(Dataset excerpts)
▬▬▬▬▬▬
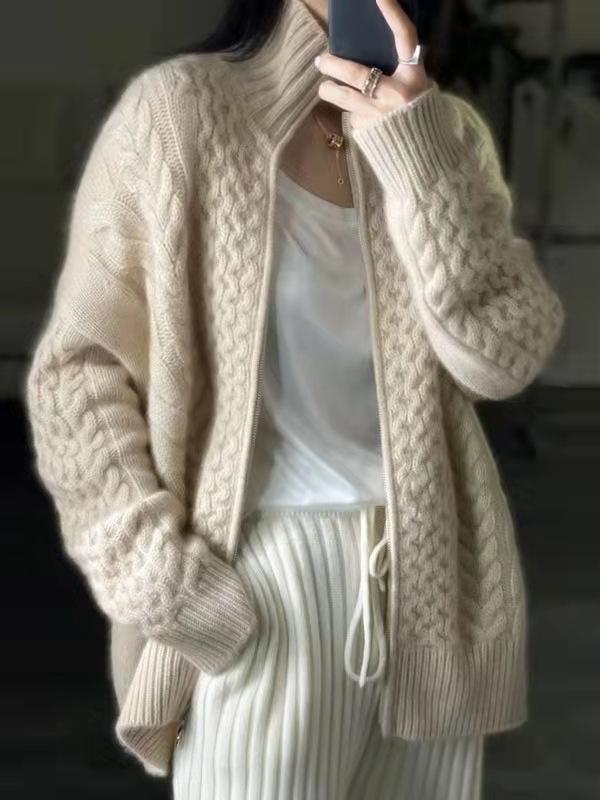 Oversized Dames Vest met Kabelpatroon | Grof Gebreide Cardigan Loose Fit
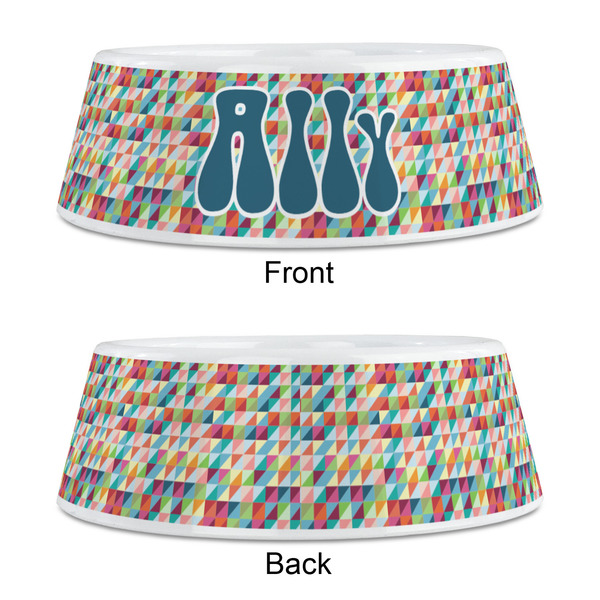 Retro Triangles Plastic Pet Bowls - Medium - APPROVAL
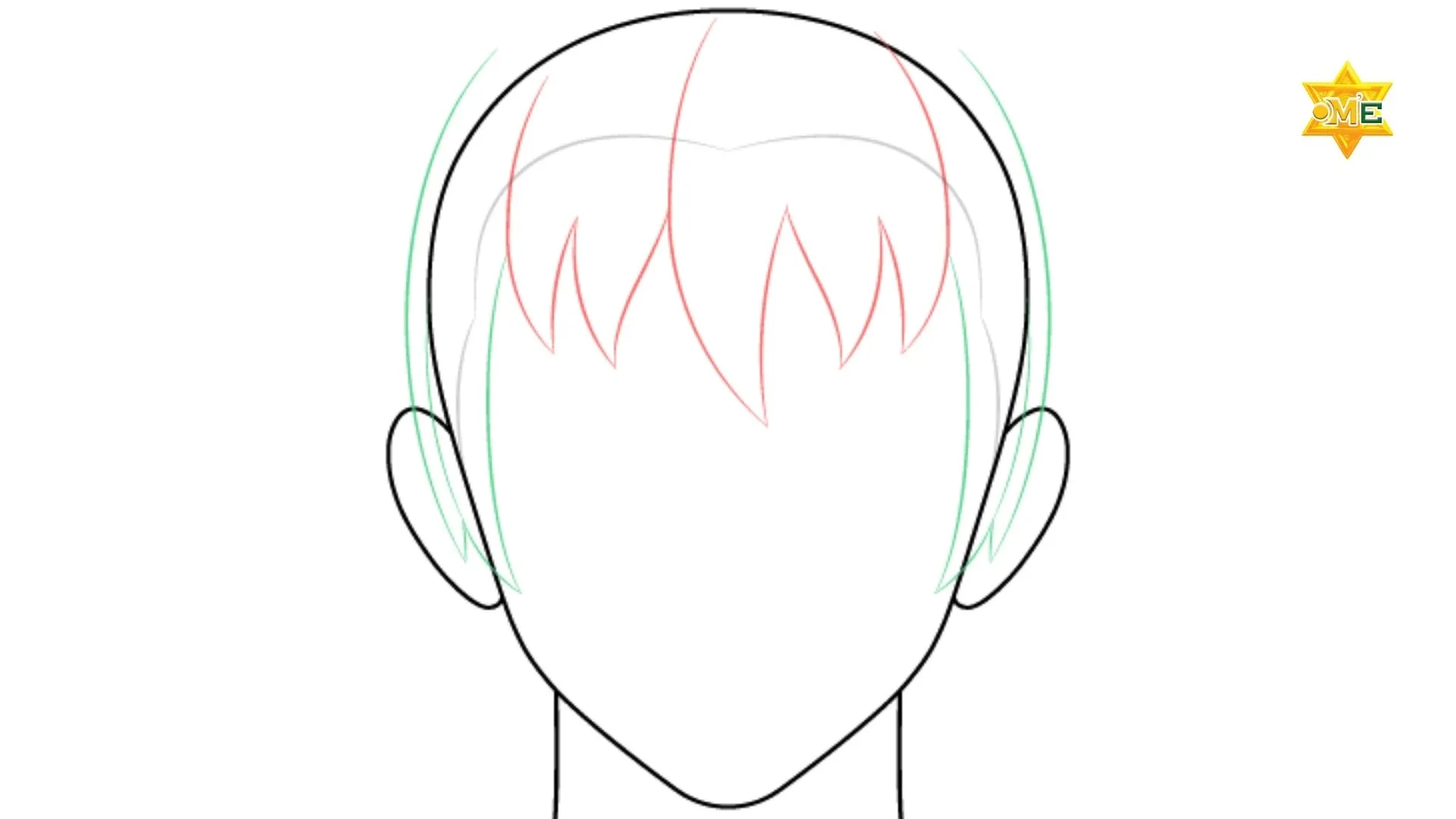 Hướng dẫn cách vẽ tóc anime đơn giản cho nhân vật nam bước 2: Định hình các mảng tóc hai bên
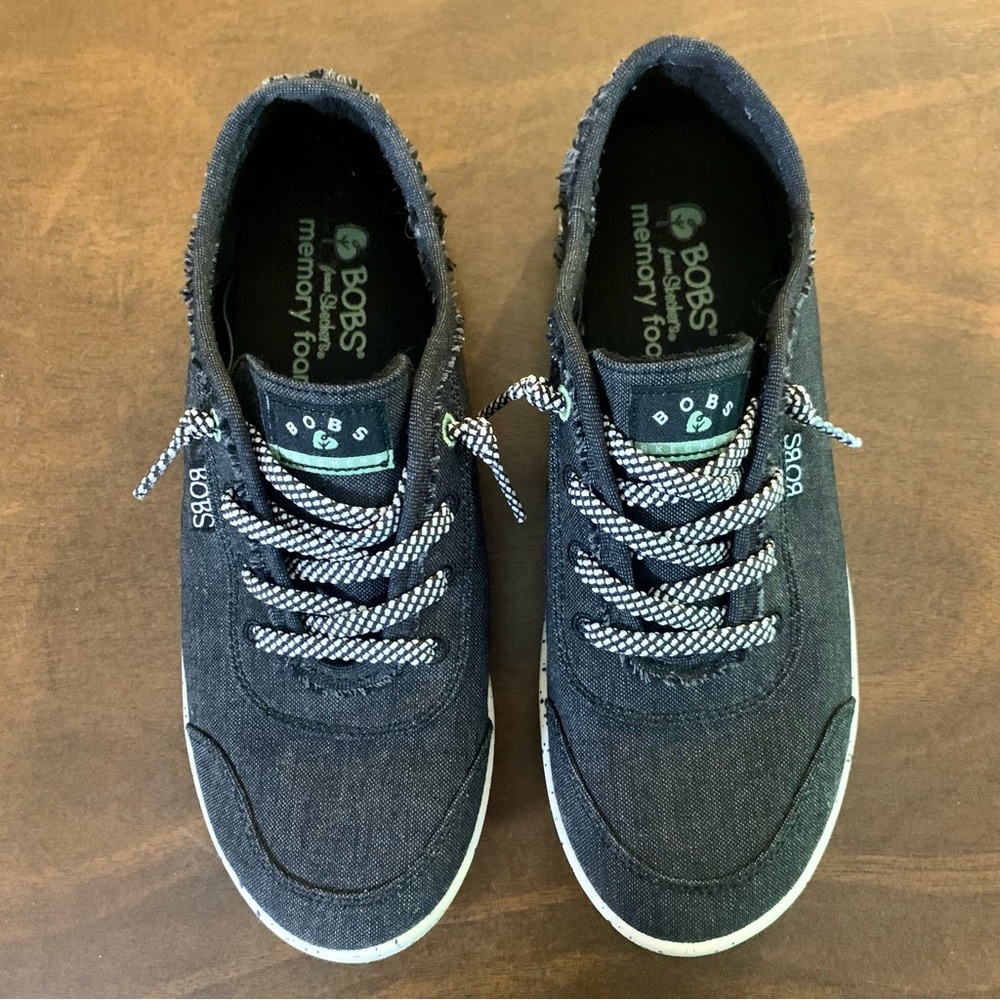 Skechers Women's Bobs Canvas Casual Sneakers Shoes Charcoal Gray Size 7 B Cute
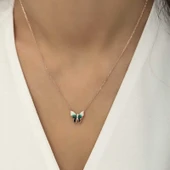Gümüş Rose Minimal Kelebek Bayan Kolye  SL4269 thumbnail 9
▬▬▬▬▬▬
Work required
Repeat the data above exactly, images excluded.

Solution
 Oversized Dames Vest met Kabelpatroon | Grof Gebreide Cardigan Loose Fit
 Retro Triangles Plastic Pet Bowls - Medium - APPROVAL
 Hướng dẫn cách vẽ tóc anime đơn giản cho nhân vật nam bước 2: Định hình các mảng tóc hai bên
 Skechers Women's Bobs Canvas Casual Sneakers Shoes Charcoal Gray Size 7 B Cute
Gümüş Rose Minimal Kelebek Bayan Kolye  SL4269 thumbnail 9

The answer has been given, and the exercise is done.